I won’t pretend that staying committed to my health is easy. In fact, it’s often difficult. It takes a lot of work and discipline. And although I am fiercely passionate about it, I don’t always love it. I want to live wrecklessly. Sometimes I want to quit altogether. Other times I feel overwhelmed by the responsibility that comes with managing a chronic illness. It is exhausting to have to be constantly cautious with my body, being vigilant about what I eat, how much sleep I get, managing my stress — which are all factors that directly impact my health. Sometimes, I just want to say “screw it,” drink 3, 4, 5 cocktails, sit on the couch with a big bag of Zapp’s chips and a 16oz can of Coke and feel guilty about none of it — there, I said it!

But you know what, that’s okay. As long as I get back on track.  I can’t always do it on my own. Sometimes I need, we all need, that helping hand to reach down and pull us up.

As Summer winds down, fall rolls in and winter slowly unfolds (New Orleans style, of course, with temperatures plummeting to 50 degrees), it gets so much harder to stay active and stick to healthy habits.

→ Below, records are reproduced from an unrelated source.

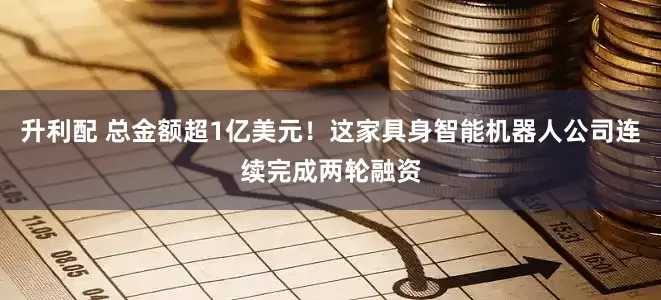 升利配 总金额超1亿美元！这家具身智能机器人公司连续完成两轮融资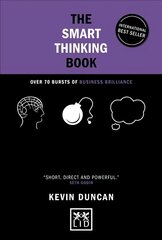 Smart Thinking Book (5th Anniversary Edition): Over 70 Bursts of Business Brilliance cena un informācija | Ekonomikas grāmatas | 220.lv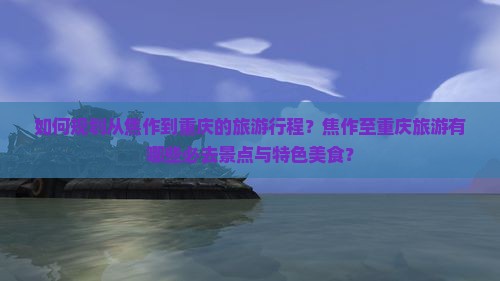 如何规划从焦作到重庆的旅游行程？焦作至重庆旅游有哪些必去景点与特色美食？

So, maybe you’ve been thinking about taking a class, or joining a running group or a gym. Perhaps you’ve thought about starting a schedule to walk around your neighborhood or the park. Maybe you plan to cut back on fried foods. Drink more water. Get to sleep earlier. Try yoga. Take the stairs. Whatever it may be, you don’t have to do it on your own. I’m reaching out my hand to pull you up.